*Exercise requirements*.
Nothing but the lines from the one with "CDs de m&uacute;sica: CD MOZART - Foto 2" through the end of the records may appear in the answer, each reproduced exactly, pictures omitted.

*Supplied data*.
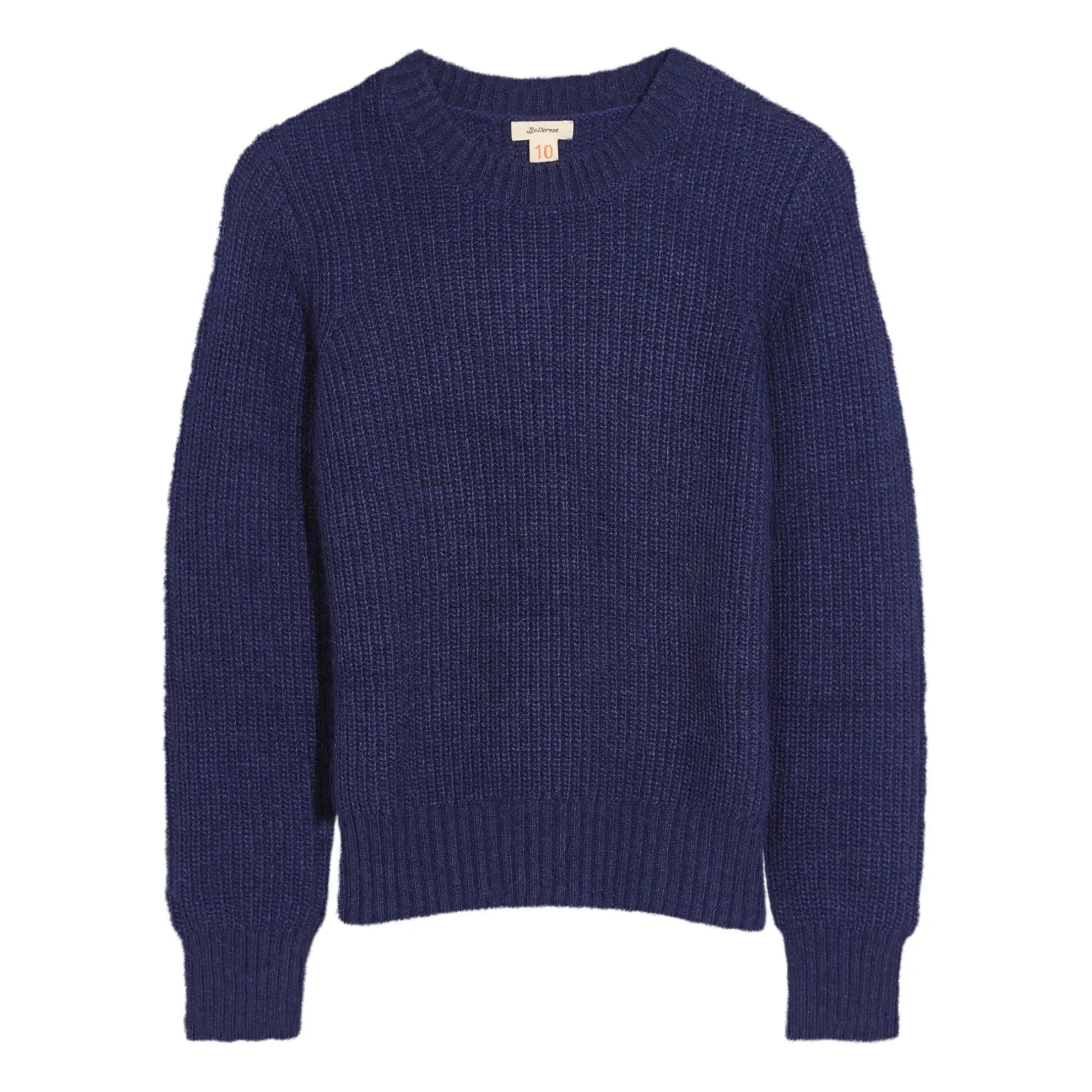 Bellerose - Diot round-neck jumper | Indigo blue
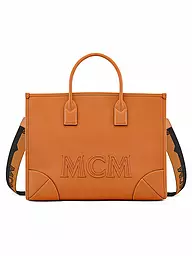 MCM | Ledertasche - Tote Bag MÜNCHEN | Marrón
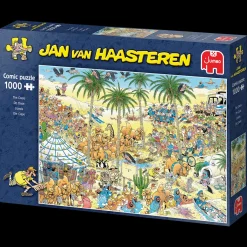 Jumbo De Oase - Jan van Haasteren - 1000 stukjes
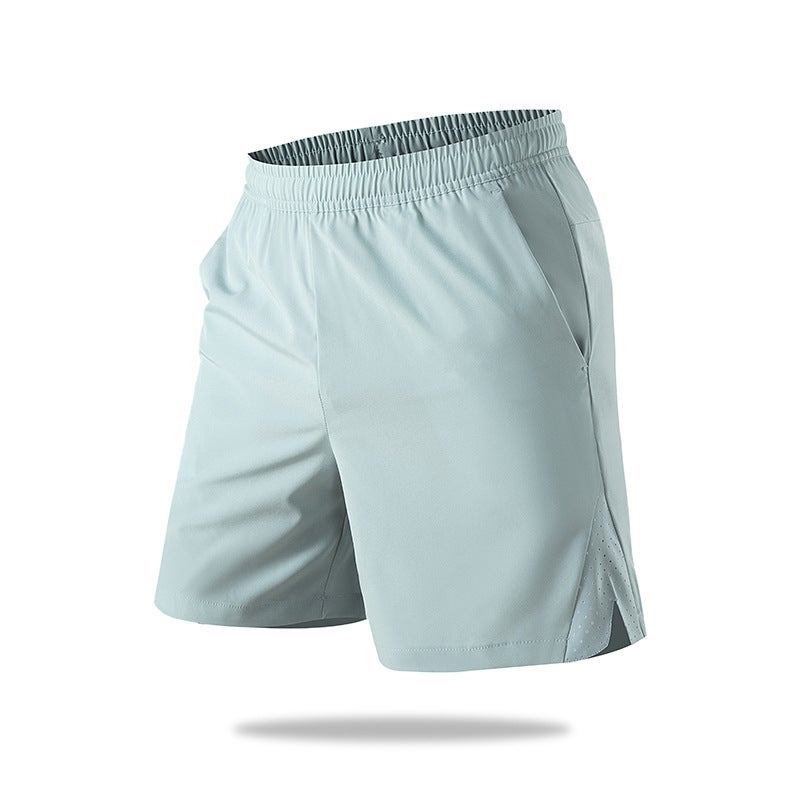 Men'S Sports Shorts Summer Lightweight Quick-Drying Elastic Sweat-Absorbent Outdoor Casual Sports Pants Fitness Running Pants - Image 1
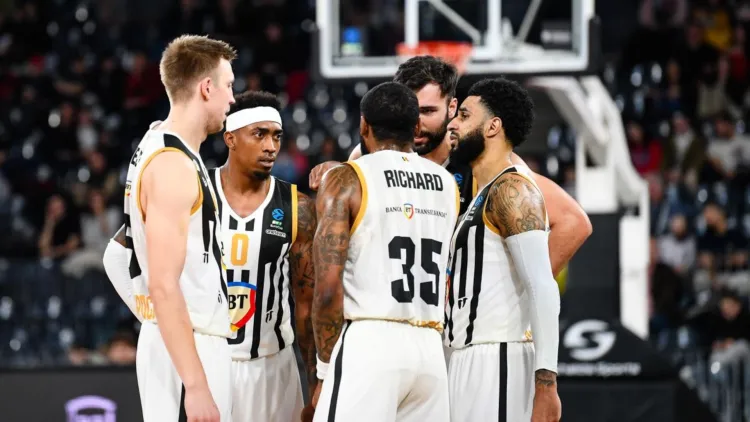 U-BT Cluj-Napoca se pregătește pentru un meci de top cu Crvena Zvezda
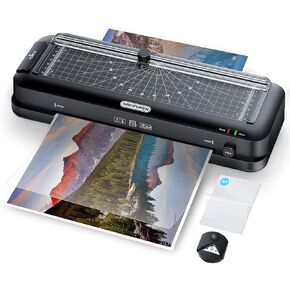 Thermal Laminating Pouches, 3mil Laminating Sheets, 8.9x11.4 Inches, Letter Size, HeatSeal, Clear (200pack)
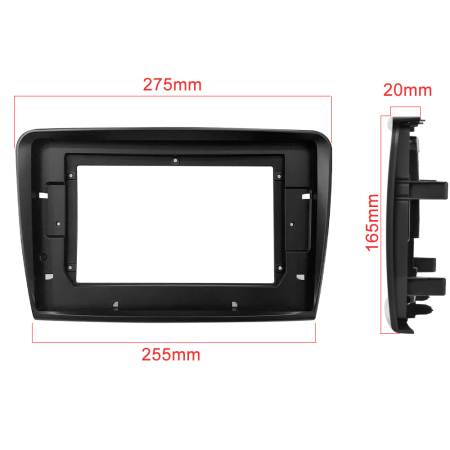 Rama adaptoare cu cablaj pentru navigatie Android Skoda Superb 2 (2008 - 2015) [1]
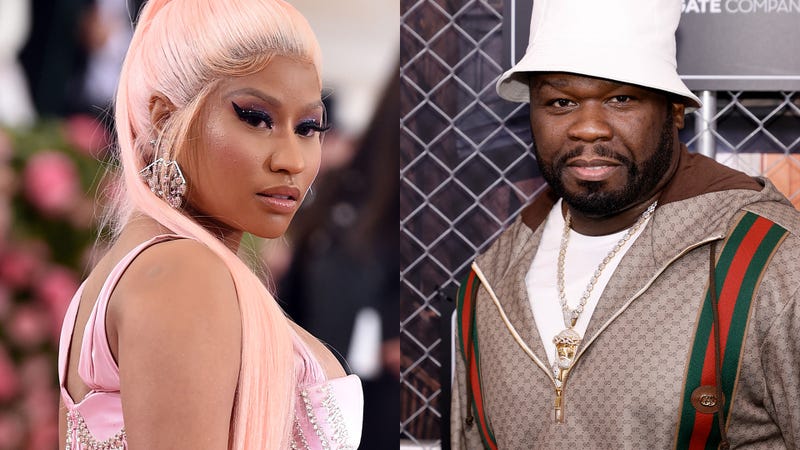 Nicki Minaj and 50 Cent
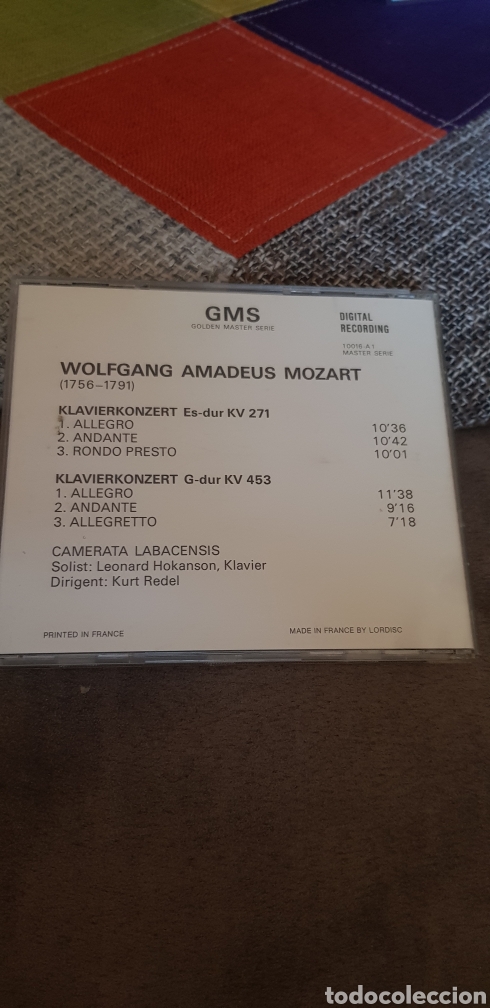 CDs de m&uacute;sica: CD MOZART - Foto 2
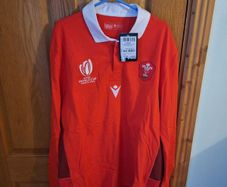 wales rugby jersey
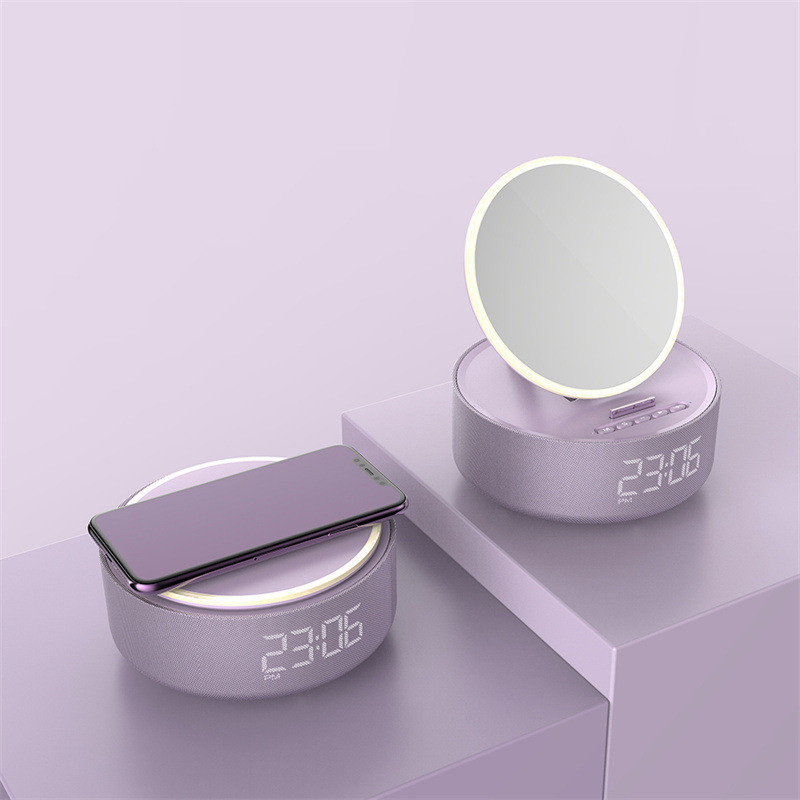 Bluetooth Speaker Led Night Light Smart Digi
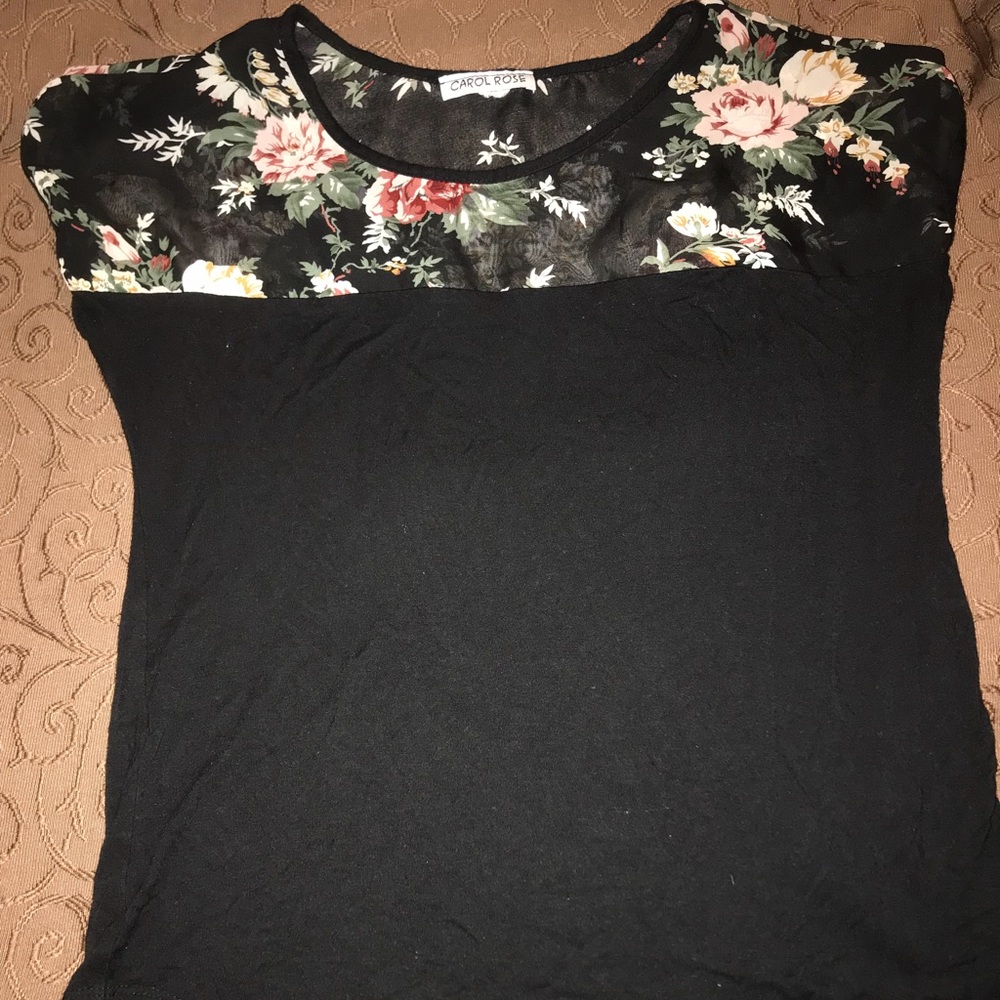 Cute floral top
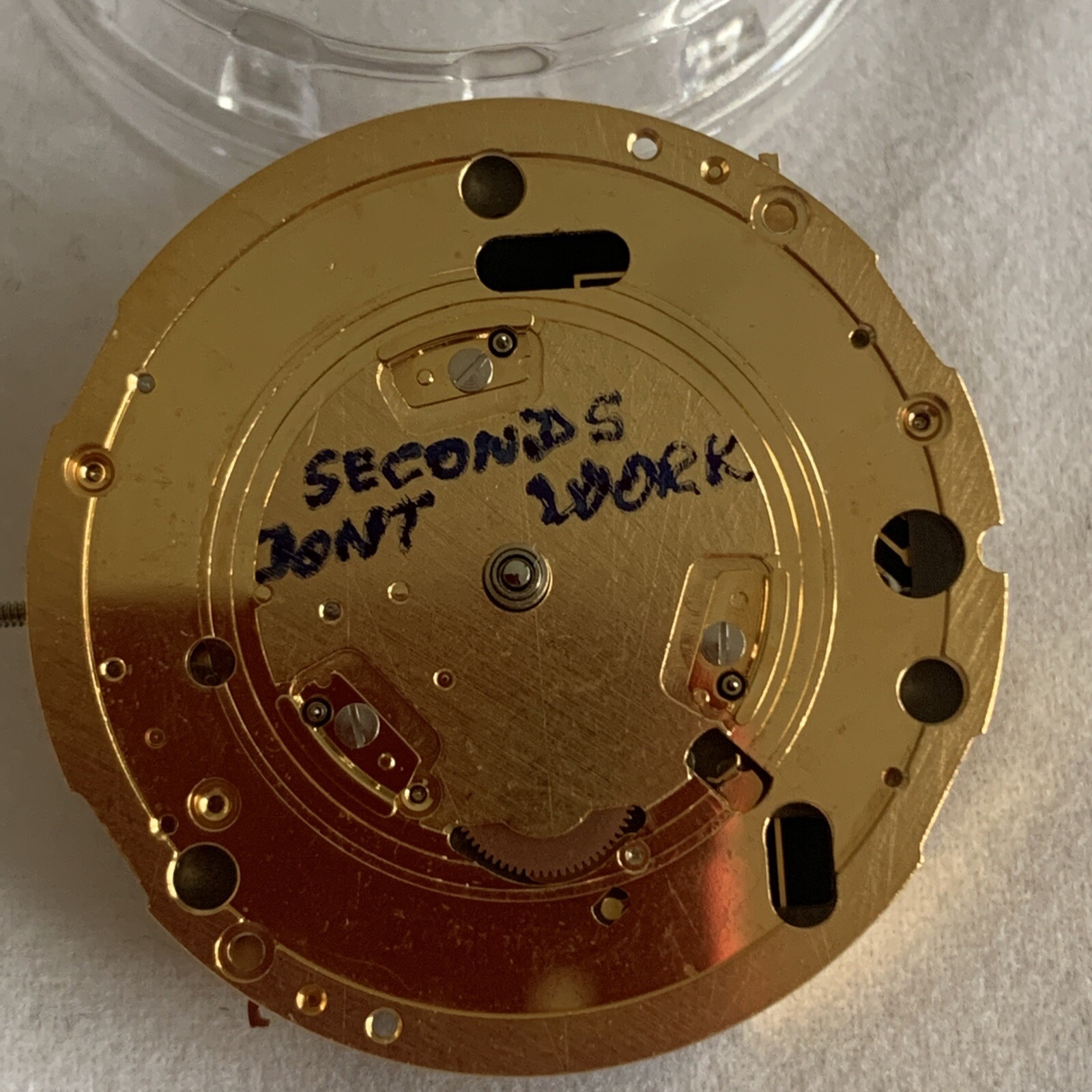 ETA 251.272 Watch Movement Parts Authentic Swiss Made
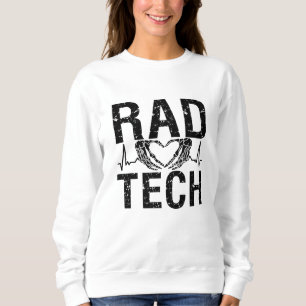 Rad Tech Medicine Technoloog radiology Tech Trui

*Solution to this exercise*.
 CDs de m&uacute;sica: CD MOZART - Foto 2
 wales rugby jersey
 Bluetooth Speaker Led Night Light Smart Digi
 Cute floral top
 ETA 251.272 Watch Movement Parts Authentic Swiss Made
 Rad Tech Medicine Technoloog radiology Tech Trui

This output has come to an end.